Get an instance of an Enum by value

If you want to initialize a pydantic model with an Enum but all you have is the value of the Enum then you need to create a method to get the correct Enum. Otherwise mypy will complain that the type of the assignation is str and not Enum.

So if the model is the next one:

class ServiceStatus(BaseModel):
    """Model the docker status of a service."""

    name: str
    environment: Environment

You can't do ServiceStatus(name='test', environment='production'). you need to add the get_by_value method to the Enum class:

class Environment(str, Enum):
    """Set the possible environments."""

    STAGING = "staging"
    PRODUCTION = "production"

    @classmethod
    def get_by_value(cls, value: str) -> Enum:
        """Return the Enum element that meets a value"""
        return [member for member in cls if member.value == value][0]

Now you can do:

ServiceStatus(name="test", environment=Environment.get_by_value("production"))

Fix R1728: Consider using a generator

Removing [] inside calls that can use containers or generators should be considered for performance reasons since a generator will have an upfront cost to pay. The performance will be better if you are working with long lists or sets.

Problematic code:

list([0 for y in list(range(10))])  # [consider-using-generator]
tuple([0 for y in list(range(10))])  # [consider-using-generator]
sum([y**2 for y in list(range(10))])  # [consider-using-generator]
max([y**2 for y in list(range(10))])  # [consider-using-generator]
min([y**2 for y in list(range(10))])  # [consider-using-generator]

Correct code:

list(0 for y in list(range(10)))
tuple(0 for y in list(range(10)))
sum(y**2 for y in list(range(10)))
max(y**2 for y in list(range(10)))
min(y**2 for y in list(range(10)))

The run call in the example will succeed whether the command is successful or not. This is a problem because we silently ignore errors.

import subprocess


def example():
    proc = subprocess.run("ls")
    return proc.stdout

When we pass check=True, the behavior changes towards raising an exception when the return code of the command is non-zero.

Convert bytes to string

byte_var.decode("utf-8")

Use pipes with subprocess

To use pipes with subprocess you need to use the flag shell=True which is a bad idea. Instead you should use two processes and link them together in python:

ps = subprocess.Popen(("ps", "-A"), stdout=subprocess.PIPE)
output = subprocess.check_output(("grep", "process_name"), stdin=ps.stdout)
ps.wait()

Pass input to the stdin of a subprocess

import subprocess

p = subprocess.run(["myapp"], input="data_to_write", text=True)

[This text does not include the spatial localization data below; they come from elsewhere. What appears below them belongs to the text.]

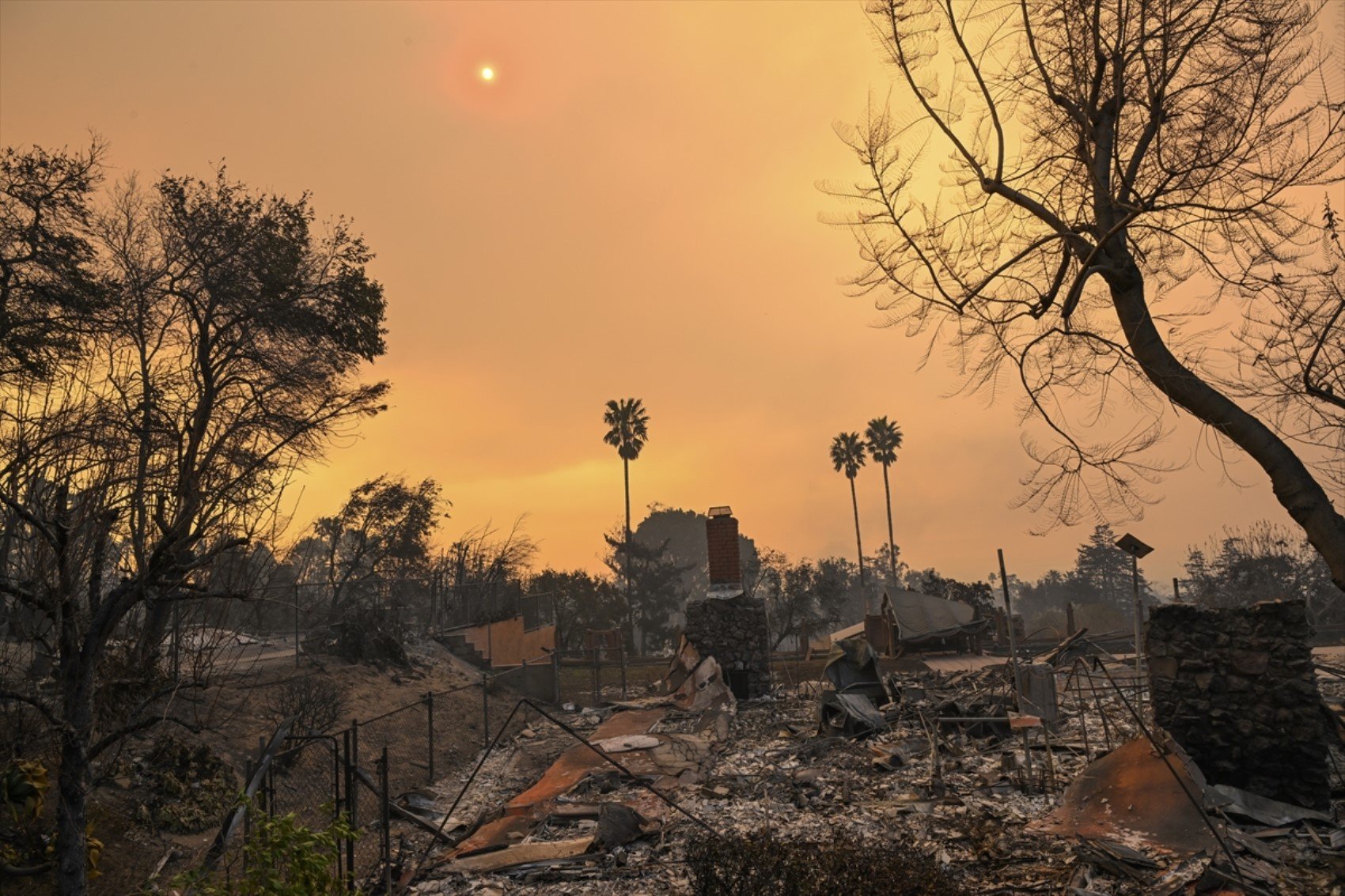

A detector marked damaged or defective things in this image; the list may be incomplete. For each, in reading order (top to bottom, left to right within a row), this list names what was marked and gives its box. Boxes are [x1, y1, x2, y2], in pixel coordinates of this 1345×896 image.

burned house rubble [392, 592, 1345, 893]
charred debris pile [398, 597, 1345, 887]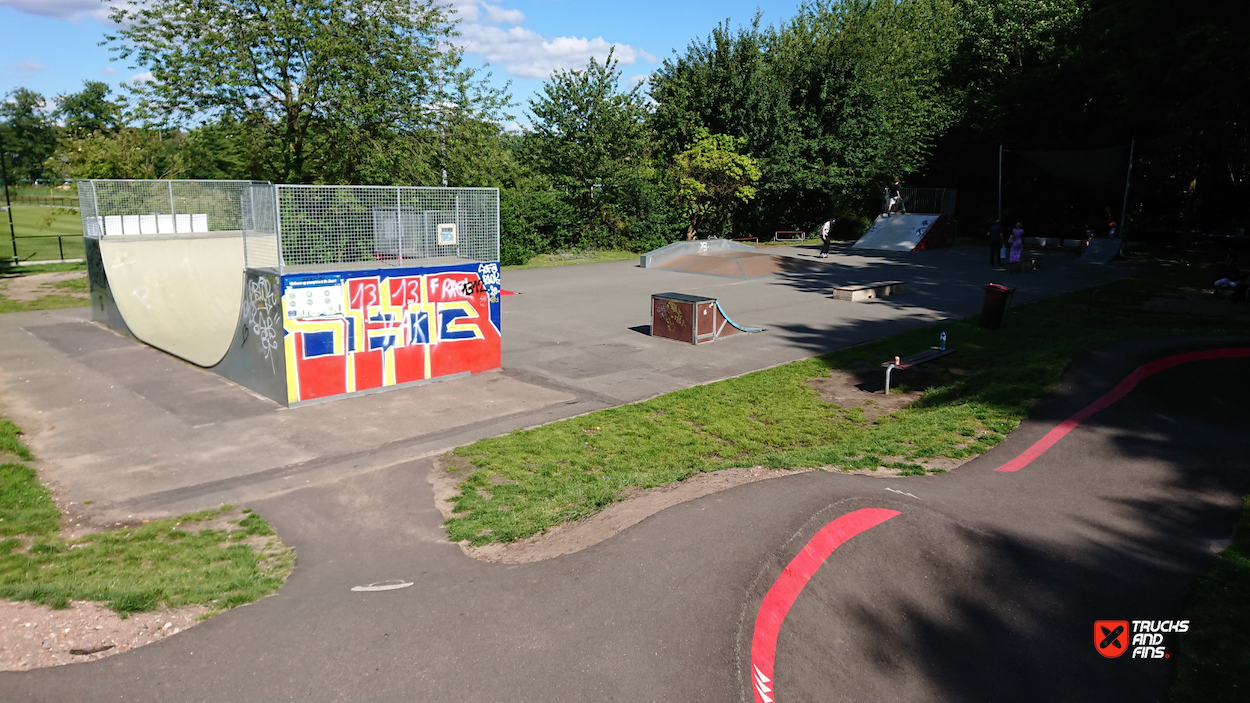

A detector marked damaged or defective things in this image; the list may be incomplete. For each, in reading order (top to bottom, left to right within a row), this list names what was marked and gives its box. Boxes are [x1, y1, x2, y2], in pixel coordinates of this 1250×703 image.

rusty metal box obstacle [650, 290, 745, 345]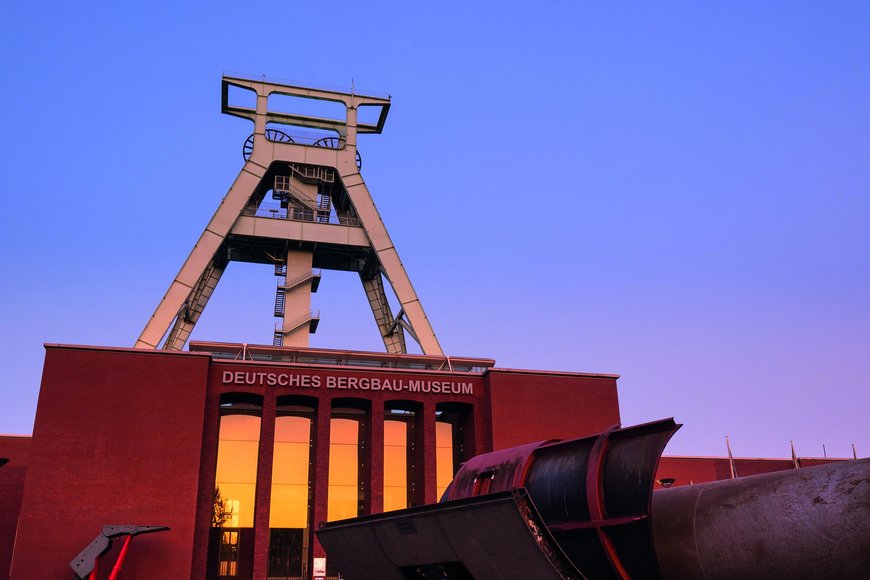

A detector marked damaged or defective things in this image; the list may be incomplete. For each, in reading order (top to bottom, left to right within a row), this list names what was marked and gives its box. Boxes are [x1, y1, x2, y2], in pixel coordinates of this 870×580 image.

rusty metal surface [318, 490, 584, 580]
rusty metal surface [656, 458, 870, 580]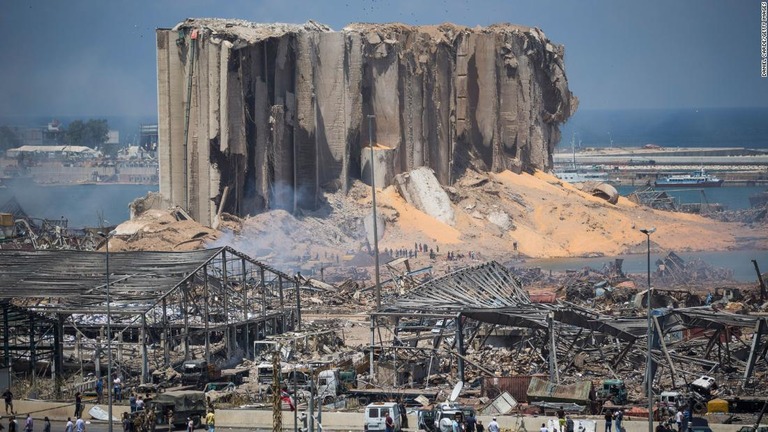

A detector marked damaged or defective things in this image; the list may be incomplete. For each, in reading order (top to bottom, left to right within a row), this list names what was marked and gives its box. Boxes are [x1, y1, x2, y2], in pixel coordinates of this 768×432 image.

damaged grain silo [156, 18, 576, 224]
damaged warehouse [156, 18, 576, 224]
damaged warehouse [0, 245, 298, 396]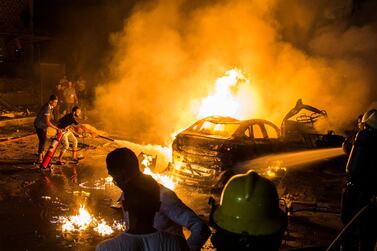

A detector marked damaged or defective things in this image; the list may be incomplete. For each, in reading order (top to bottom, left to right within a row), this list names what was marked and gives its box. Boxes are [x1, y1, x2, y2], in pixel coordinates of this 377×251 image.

damaged vehicle [170, 99, 344, 189]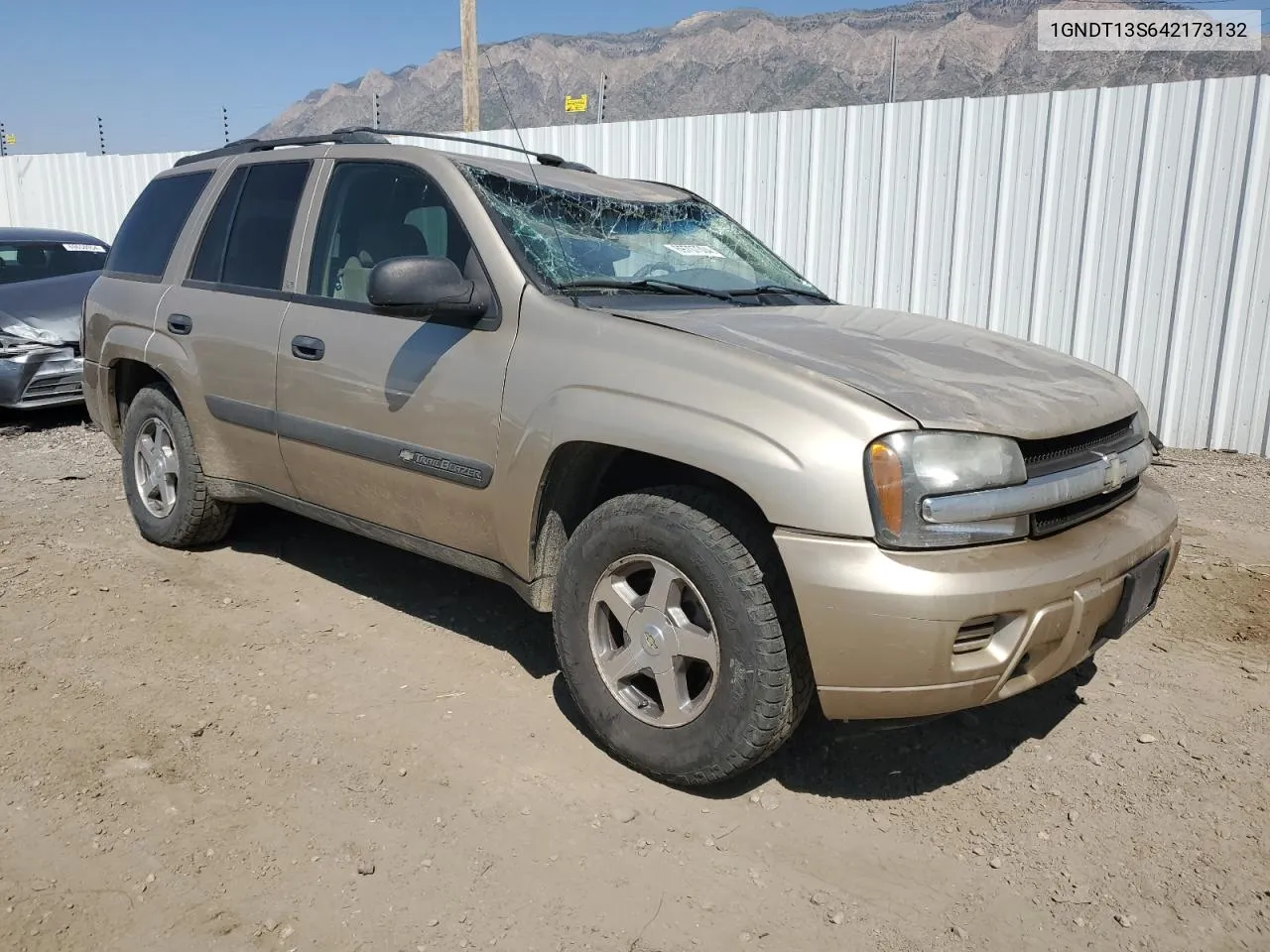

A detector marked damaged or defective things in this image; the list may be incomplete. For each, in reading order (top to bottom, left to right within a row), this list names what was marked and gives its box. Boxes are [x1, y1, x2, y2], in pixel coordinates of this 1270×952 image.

shattered windshield [461, 162, 827, 299]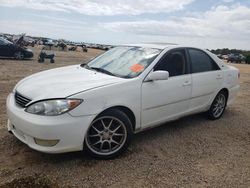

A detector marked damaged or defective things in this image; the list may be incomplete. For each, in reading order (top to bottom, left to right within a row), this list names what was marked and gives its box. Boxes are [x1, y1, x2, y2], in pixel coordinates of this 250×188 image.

damaged vehicle [0, 36, 33, 59]
damaged vehicle [6, 43, 239, 159]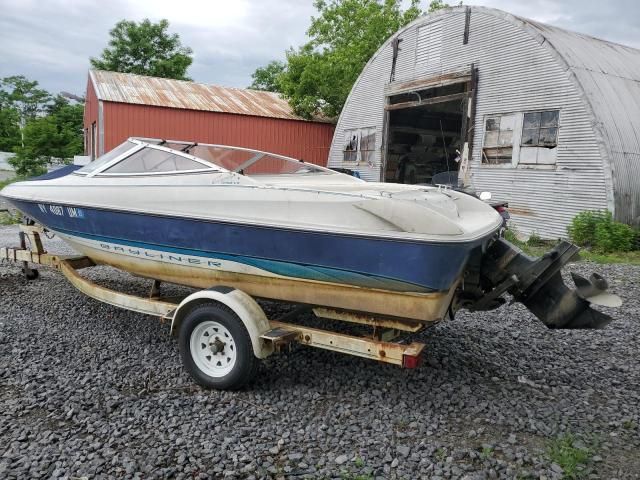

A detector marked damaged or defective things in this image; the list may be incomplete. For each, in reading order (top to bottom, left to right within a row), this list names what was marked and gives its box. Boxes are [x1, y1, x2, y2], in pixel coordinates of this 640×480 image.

rusty trailer [5, 225, 428, 390]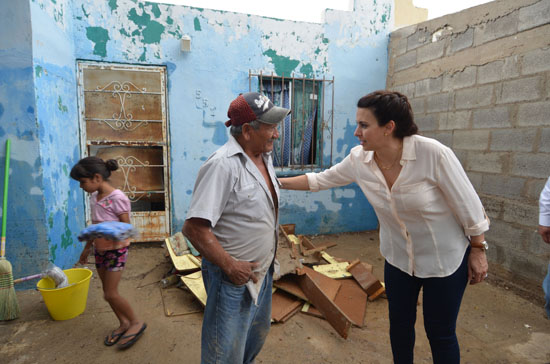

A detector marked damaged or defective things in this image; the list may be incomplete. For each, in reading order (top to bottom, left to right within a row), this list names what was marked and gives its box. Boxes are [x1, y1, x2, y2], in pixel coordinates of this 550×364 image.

rusty door [77, 62, 171, 242]
damaged wall [1, 0, 396, 282]
damaged wall [388, 0, 550, 282]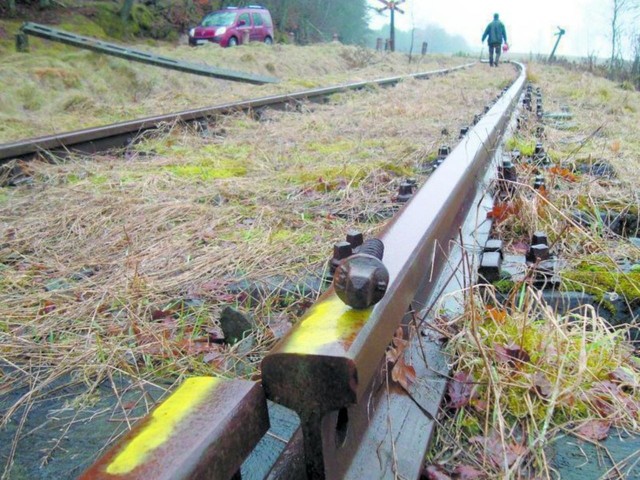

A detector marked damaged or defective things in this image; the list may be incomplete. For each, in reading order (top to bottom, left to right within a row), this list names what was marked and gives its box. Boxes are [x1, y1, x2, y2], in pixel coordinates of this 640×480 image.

rusty railway rail [0, 63, 470, 163]
rusty railway rail [74, 62, 524, 480]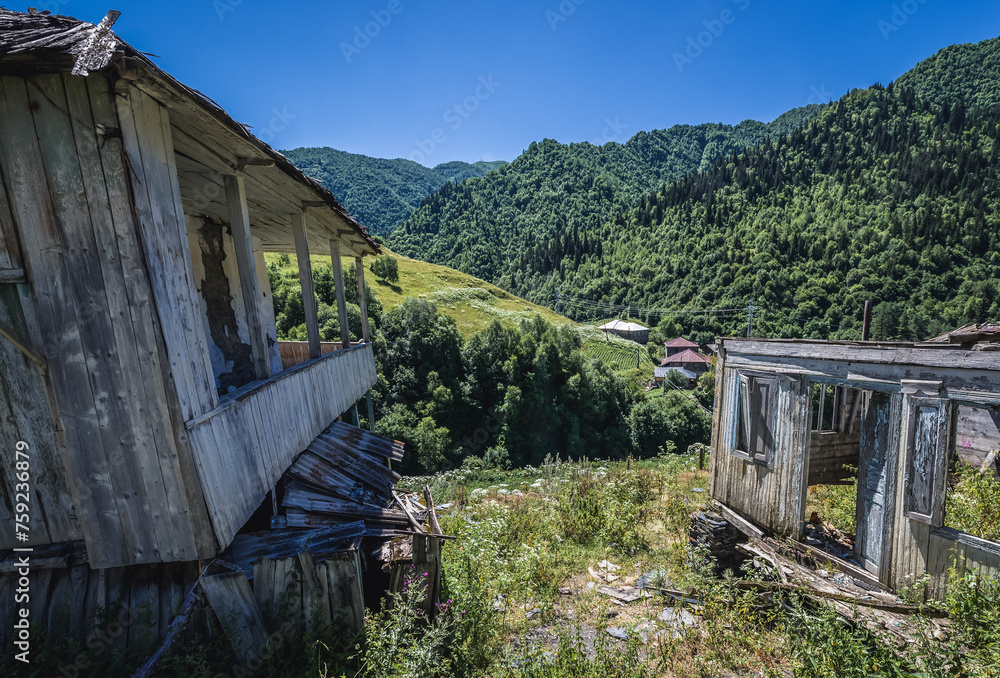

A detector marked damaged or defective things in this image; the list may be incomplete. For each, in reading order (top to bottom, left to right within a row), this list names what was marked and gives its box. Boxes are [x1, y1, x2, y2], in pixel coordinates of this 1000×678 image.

broken wooden board [199, 572, 268, 664]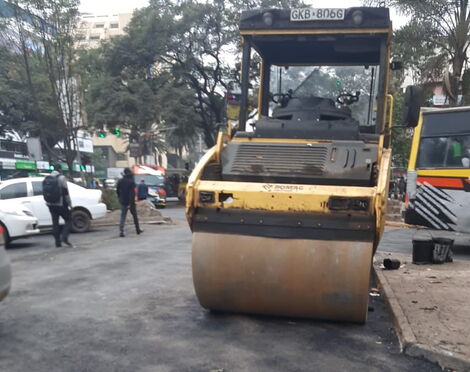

Copy and paste from clipboard

You can use many libraries to do it, but if you don't want to add any other dependencies you can use subprocess run.

To copy from the selection clipboard, assuming you've got xclip installed, you could do:

subprocess.run(
    ["xclip", "-selection", "clipboard", "-i"],
    input="text to be copied",
    text=True,
    check=True,
)

To paste it:

subprocess.check_output(["xclip", "-o", "-selection", "clipboard"]).decode("utf-8")

Create random number

import random

a = random.randint(1, 10)

Check if local port is available or in use

Create a temporary socket and then try to bind to the port to see if it's available. Close the socket after validating that the port is available.

def port_in_use(port):
    """Test if a local port is used."""
    sock = socket.socket(socket.AF_INET, socket.SOCK_STREAM)
    with suppress(OSError):
        sock.bind(("0.0.0.0", port))
        return True
    sock.close()
    return False

Initialize a dataclass with kwargs

If you care about accessing attributes by name, or if you can't distinguish between known and unknown arguments during initialisation, then your last resort without rewriting __init__ (which pretty much defeats the purpose of using dataclasses in the first place) is writing a @classmethod:

from dataclasses import dataclass
from inspect import signature


@dataclass
class Container:
    user_id: int
    body: str

    @classmethod
    def from_kwargs(cls, **kwargs):
        # fetch the constructor's signature
        cls_fields = {field for field in signature(cls).parameters}

        # split the kwargs into native ones and new ones
        native_args, new_args = {}, {}
        for key, value in kwargs.items():
            if key in cls_fields:
                native_args[key] = value
            else:
                new_args[key] = value

        # use the native ones to create the class ...
        ret = cls(**native_args)

        # ... and add the new ones by hand
        for new_key, new_value in new_args.items():
            setattr(ret, new_key, new_value)
        return ret

Usage:

params = {"user_id": 1, "body": "foo", "bar": "baz", "amount": 10}
Container(**params)  # still doesn't work, raises a TypeError
c = Container.from_kwargs(**params)
print(c.bar)  # prints: 'baz'

Replace a substring of a string

txt = "I like bananas"

x = txt.replace("bananas", "apples")

Parse an RFC2822 date

Interesting to test the accepted format of RSS dates.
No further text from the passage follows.